▶ Problem requirements: Only the lines from the one with "الرقم بي واتساب ***********" to the end of the data below should be given again, exactly, with both ends included and pictures omitted.

▶ Record excerpts:
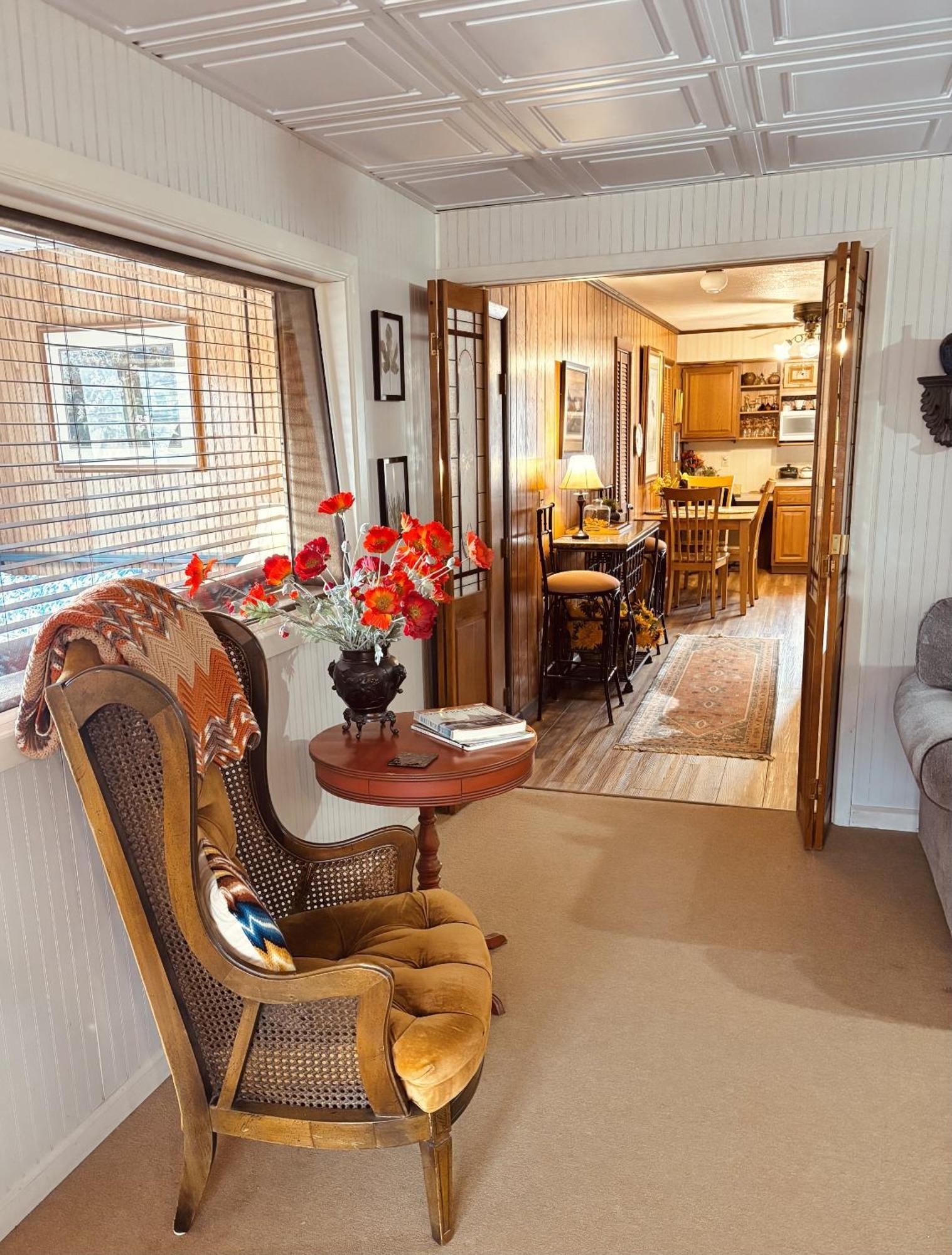 The Iris Garden Downtown Cottages And Suites Nashville Rum bild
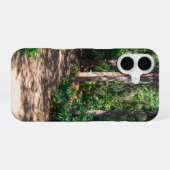 オレンジ色の花を持つ庭の歩道 iPhone 16ケース (裏面横)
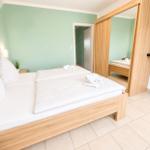 Elternschlafzimmer mit Schrank...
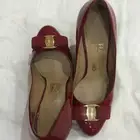 صندل فيرغامو أحمر ويدج اصلي من البوتيك في دبي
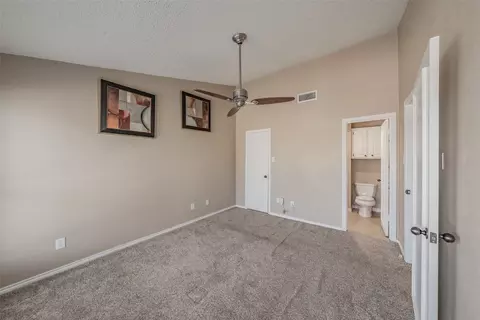 Bedroom - 714 E Wall St #105, Grapevine, TX 76051 photo 4 of 6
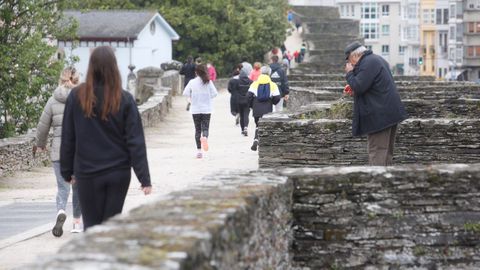 Paseos y carreras esta maana por la Muralla de Lugo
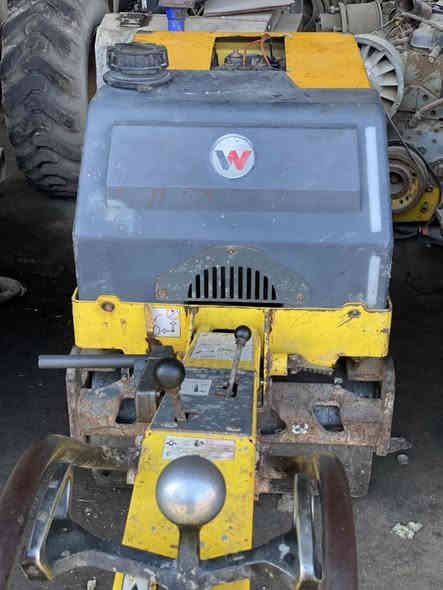 حادلا يدويه للبيع مال خارج كاملا 
عرض 70 سانتيم 
مكان الموصل 
الرقم بي واتساب ***********
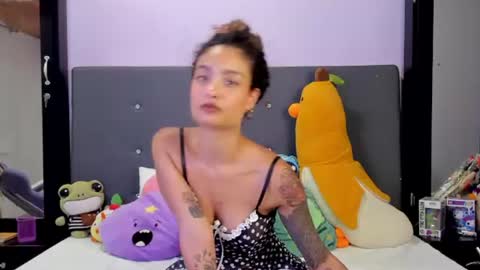 Snapshot of harmonyy_hill chatting on 07/06/26, 12:29 Harmony Hill online show from 07/06/26, 12:29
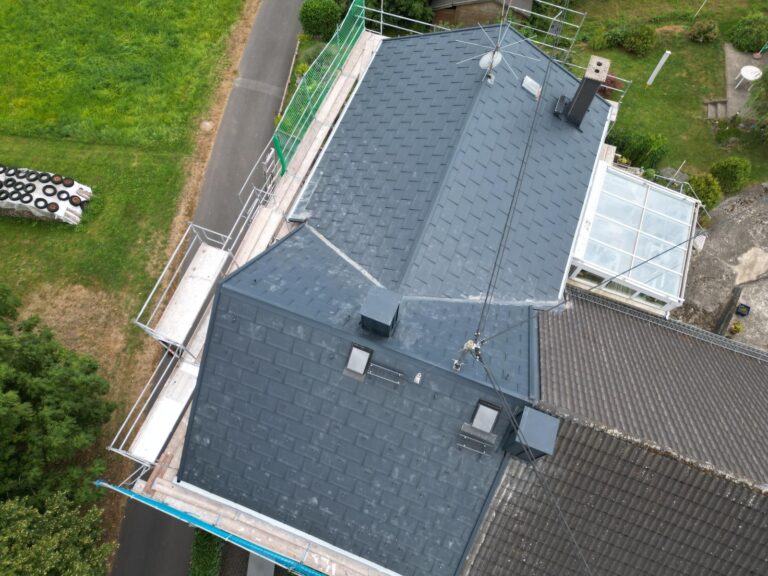 Dachreparatur im Westerwald – vorher/nachher Vergleich durch Pistor-Dach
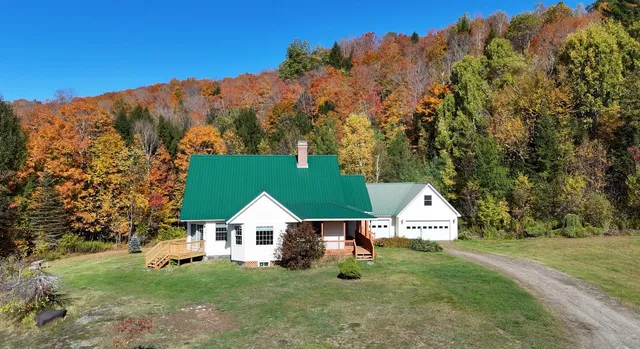 $475,000 | 65 Ledgewood Drive, St. Johnsbury, VT 05819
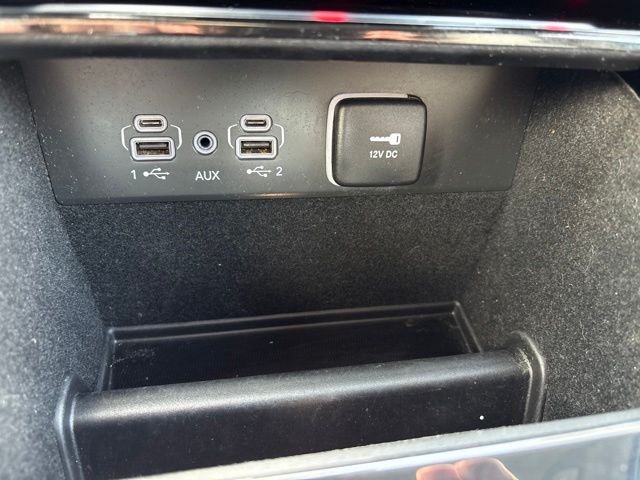 Used 2021 Bright White Clearcoat Jeep Limited image 19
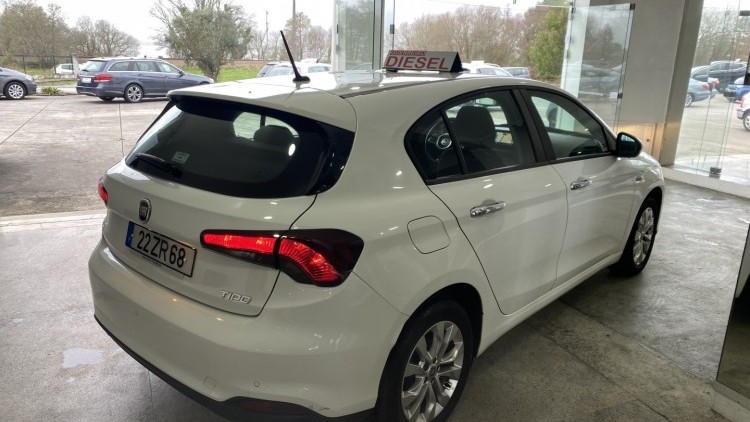 Fiat Tipo 1.3 M-Jet "Lounge" (104 MIL KMs)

▶ Solution to the problem:
الرقم بي واتساب ***********
 Snapshot of harmonyy_hill chatting on 07/06/26, 12:29 Harmony Hill online show from 07/06/26, 12:29
 Dachreparatur im Westerwald – vorher/nachher Vergleich durch Pistor-Dach
 $475,000 | 65 Ledgewood Drive, St. Johnsbury, VT 05819
 Used 2021 Bright White Clearcoat Jeep Limited image 19
 Fiat Tipo 1.3 M-Jet "Lounge" (104 MIL KMs)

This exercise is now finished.